Pipvine Swallowtail, Battus philenor 

Red-spotted Purple, Limentis arthemis
In AZ (and elsewhere in the southern US) where riparian areas interface with desert habitats, we find two butterflies that can be easily mixed up: One is the Pipvine Swallowtail whose caterpillar picks up enough toxins from its foodplant, the pipevine, to make not only the caterpillar but also the adult inedible for many predators, the other one is the Red-spotted Purple. Interestingly, that same species, Limentis arthemis, has northern color forms that look quite different. Check them out on bugguide 
So where the model is not around in sufficient numbers, the similarity provided no advantage and did not evolve.

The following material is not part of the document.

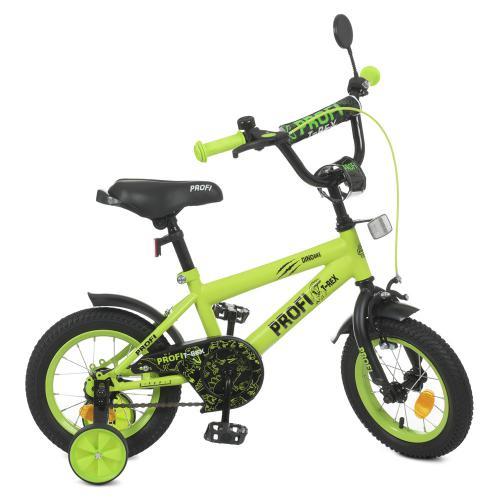 Дитячий велосипед з дзеркалом PROFI Dino Y1271 12 дюймів колеса Салатовий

Lycus simulans and  Elytroleptus ignitus
A final twist: Netwing Beetles in the genus Lycus are highly toxic and announce that fact with bright red warning colors. They also often congregate in great numbers to mate and are hard to overlook. Not surprisingly, several species of Lycus are similarly colored and patterned, forming a tight Muellerian mimicry group. There are several moths and  beetles of unrelated families that mimic them as Batesian groupies.
Were there enough mimics to endanger the whole system? Did naive predators get lucky too often so they did not learn to avoid the insects?
Anyway, there is something very interesting going on in SE Arizona: Several species of the Longhorn Beetle genus Elytroleptus usually associate with the toxic Lycids around oak trees (extra floral nectaries) and on flowers. In those mixed groups, many Lycids looked like they had been chewed on. Holes in the elytra, leaking heamolymph ... Normally we think of all Longhorn Beetles as strictly vegetarian. But it turned out that Elytroleptus were chewing on Lycus, and chemical analyses revealed that the Longhorns were actually incorporating (sequestering) the toxins of the Lycids.  A Batesian mimic becoming Muellerian at the cost of its model!